Morrill is often referred to as a member of the "Twilio mafia", or startup founders that spun out of those early Twilio employees.
In 2021, Twilio CEO and co-founder Jeff Lawson authored the book Ask Your Developer. In the acknowledgments, Lawson thanks various people who both directly or indirectly contributed to Twilio's success. These influences range from his high school radio teacher to his various co-founders over the years. There are multiple Ashton Kutcher stories. And yet there is no mention of Morrill or her early DevRel team - those that significantly kickstarted Twilio's rise to prominence. Reading Lawson's account, you'd be forgiven for thinking Twilio's marketing story began with purchasing its first "Ask Your Developer" billboard along the San Francisco 101 - an event that didn't occur until 2015.
I started the ¡APIcryphal! series in an attempt to learn from and preserve the pivotal figures and personalities that made this space what it is.

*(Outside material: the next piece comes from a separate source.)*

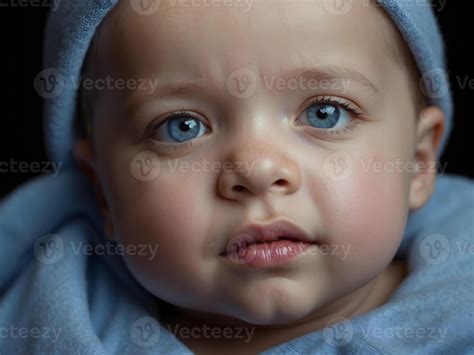 Ai Generated Cute Little New Born Baby Boy Blue Eyes Portrait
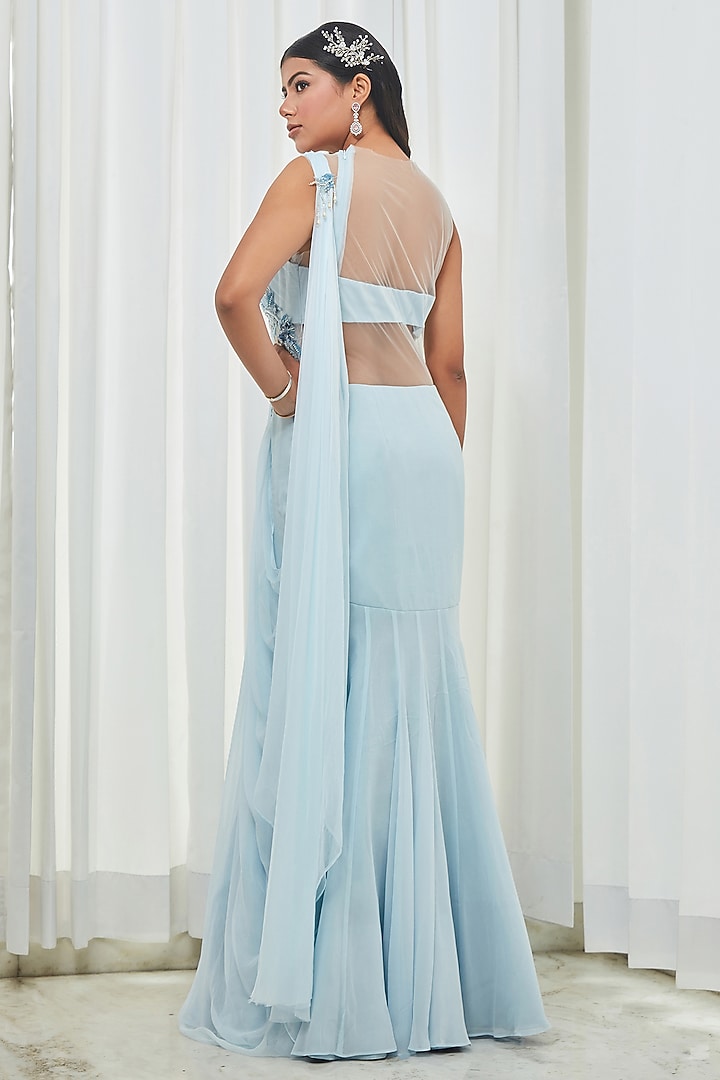 Sky Blue Chiffon & Georgette Sequins Embroidered Wedding Gown Saree by Saaj By Ankita at Pernia's Pop Up Shop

Founders are important, but they rarely operate in a vacuum. The danger of "founder worship" is that we lose insight into those that contribute critical pieces at crucial moments. History, as defined only by the "winner" (or founder, in this case), obscures the many, many people that created Twilio's early affinity.
Twilio, with scale, changed its focus. However, that in no way should diminish the impact that Danielle Morrill and her cohort had on the Developer-First DevRel approach - an approach still practiced by many firms today. For that, she deserves more than a blanket "to all Twilions past and present" in Twilio's retelling. I can't rewrite Lawson's book. But I can use this space to highlight Morrill's story for the next generation of API developer advocates.